>>
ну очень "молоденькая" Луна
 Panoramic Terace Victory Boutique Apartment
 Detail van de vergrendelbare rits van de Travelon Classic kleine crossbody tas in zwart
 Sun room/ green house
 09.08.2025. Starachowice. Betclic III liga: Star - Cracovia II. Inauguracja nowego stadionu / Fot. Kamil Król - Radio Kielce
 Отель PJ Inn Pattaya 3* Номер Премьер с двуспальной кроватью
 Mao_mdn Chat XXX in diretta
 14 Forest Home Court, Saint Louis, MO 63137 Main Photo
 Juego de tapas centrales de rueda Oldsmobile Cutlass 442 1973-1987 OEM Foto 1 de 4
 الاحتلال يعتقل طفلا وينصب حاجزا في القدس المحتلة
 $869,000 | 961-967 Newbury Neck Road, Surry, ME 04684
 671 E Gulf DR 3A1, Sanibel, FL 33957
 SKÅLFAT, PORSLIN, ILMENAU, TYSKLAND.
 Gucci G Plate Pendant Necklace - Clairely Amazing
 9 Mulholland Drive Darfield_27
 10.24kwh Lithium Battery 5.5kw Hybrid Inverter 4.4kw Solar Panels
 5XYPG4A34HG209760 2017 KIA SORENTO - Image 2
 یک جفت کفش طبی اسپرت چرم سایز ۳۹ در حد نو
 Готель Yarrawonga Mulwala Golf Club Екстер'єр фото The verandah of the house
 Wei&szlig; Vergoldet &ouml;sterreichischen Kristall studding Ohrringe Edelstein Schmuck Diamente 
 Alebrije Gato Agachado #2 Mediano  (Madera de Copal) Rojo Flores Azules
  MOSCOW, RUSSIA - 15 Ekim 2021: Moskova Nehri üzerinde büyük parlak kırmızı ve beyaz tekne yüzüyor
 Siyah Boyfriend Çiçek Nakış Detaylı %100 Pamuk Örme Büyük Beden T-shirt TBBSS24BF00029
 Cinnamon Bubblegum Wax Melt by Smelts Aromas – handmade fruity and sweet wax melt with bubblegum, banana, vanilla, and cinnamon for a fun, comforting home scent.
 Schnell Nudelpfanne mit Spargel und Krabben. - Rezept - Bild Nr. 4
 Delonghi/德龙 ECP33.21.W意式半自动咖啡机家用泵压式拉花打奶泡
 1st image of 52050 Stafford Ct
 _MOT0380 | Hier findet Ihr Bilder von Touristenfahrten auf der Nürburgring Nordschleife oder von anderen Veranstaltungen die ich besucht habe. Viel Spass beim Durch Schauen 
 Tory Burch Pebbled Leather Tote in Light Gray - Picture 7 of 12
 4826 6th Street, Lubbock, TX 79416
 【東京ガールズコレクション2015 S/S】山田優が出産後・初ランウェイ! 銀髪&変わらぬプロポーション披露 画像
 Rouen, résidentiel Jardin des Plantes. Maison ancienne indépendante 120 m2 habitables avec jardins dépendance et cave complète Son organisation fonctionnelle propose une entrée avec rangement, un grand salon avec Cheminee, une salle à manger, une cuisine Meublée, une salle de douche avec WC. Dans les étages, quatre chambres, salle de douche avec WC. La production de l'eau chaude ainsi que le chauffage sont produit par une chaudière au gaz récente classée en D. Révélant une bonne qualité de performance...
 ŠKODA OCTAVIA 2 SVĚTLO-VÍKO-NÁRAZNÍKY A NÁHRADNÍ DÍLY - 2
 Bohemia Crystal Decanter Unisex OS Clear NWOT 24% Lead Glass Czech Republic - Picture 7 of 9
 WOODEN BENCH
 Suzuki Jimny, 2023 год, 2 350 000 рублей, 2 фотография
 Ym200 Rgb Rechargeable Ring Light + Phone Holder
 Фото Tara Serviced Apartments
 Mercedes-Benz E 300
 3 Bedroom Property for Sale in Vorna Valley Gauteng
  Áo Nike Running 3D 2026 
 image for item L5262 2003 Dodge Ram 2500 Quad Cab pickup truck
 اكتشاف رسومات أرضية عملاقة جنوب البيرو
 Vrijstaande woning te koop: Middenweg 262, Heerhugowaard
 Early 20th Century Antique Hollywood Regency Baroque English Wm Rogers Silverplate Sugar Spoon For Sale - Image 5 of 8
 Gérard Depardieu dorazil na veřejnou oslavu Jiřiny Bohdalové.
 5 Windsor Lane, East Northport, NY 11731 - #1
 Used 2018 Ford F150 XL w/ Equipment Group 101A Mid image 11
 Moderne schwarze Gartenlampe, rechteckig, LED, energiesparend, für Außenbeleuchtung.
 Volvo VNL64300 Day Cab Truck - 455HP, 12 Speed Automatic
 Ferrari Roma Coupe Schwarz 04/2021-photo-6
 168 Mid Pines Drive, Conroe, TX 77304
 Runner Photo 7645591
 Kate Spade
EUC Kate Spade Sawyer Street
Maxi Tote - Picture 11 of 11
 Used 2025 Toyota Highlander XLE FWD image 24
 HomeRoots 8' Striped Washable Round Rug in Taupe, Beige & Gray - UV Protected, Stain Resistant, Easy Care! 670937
<<
* What needs to be done *
Scan the listing above and work out how many of its lines contain the word "Street". Report only that number.

* Answer space *
2